-- Opening Marker --

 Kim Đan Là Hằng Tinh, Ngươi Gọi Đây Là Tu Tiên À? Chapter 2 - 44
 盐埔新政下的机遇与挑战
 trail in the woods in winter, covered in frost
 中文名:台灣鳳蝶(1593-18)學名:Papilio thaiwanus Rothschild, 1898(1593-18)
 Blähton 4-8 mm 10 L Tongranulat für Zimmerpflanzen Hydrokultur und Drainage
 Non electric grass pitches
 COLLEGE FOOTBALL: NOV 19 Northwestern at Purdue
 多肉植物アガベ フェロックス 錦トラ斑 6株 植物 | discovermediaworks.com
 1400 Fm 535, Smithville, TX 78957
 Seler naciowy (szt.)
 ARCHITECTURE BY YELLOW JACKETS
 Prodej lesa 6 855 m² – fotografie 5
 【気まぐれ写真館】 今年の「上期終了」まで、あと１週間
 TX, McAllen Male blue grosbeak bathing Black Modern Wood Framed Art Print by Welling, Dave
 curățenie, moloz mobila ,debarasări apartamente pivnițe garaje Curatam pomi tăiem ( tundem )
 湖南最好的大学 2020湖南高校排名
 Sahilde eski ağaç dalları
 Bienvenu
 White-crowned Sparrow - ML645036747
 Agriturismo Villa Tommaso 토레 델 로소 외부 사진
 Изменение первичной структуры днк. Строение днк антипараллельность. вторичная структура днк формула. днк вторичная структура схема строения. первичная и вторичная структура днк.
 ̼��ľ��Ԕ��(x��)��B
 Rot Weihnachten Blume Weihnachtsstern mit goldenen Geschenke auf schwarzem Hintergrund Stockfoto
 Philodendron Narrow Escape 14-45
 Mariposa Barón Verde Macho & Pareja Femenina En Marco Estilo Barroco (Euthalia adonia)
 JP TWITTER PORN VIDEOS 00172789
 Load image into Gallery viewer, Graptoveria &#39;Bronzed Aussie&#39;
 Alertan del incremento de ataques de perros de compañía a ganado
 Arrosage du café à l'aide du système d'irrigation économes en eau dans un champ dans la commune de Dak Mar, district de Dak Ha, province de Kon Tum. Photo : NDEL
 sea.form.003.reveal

-- Closing Marker --

All that should be written out is the stretch of lines above between the one holding "Non electric grass pitches" and the one holding "curățenie, moloz mobila", inclusive, exactly as given.

 Non electric grass pitches
 COLLEGE FOOTBALL: NOV 19 Northwestern at Purdue
 多肉植物アガベ フェロックス 錦トラ斑 6株 植物 | discovermediaworks.com
 1400 Fm 535, Smithville, TX 78957
 Seler naciowy (szt.)
 ARCHITECTURE BY YELLOW JACKETS
 Prodej lesa 6 855 m² – fotografie 5
 【気まぐれ写真館】 今年の「上期終了」まで、あと１週間
 TX, McAllen Male blue grosbeak bathing Black Modern Wood Framed Art Print by Welling, Dave
 curățenie, moloz mobila ,debarasări apartamente pivnițe garaje Curatam pomi tăiem ( tundem )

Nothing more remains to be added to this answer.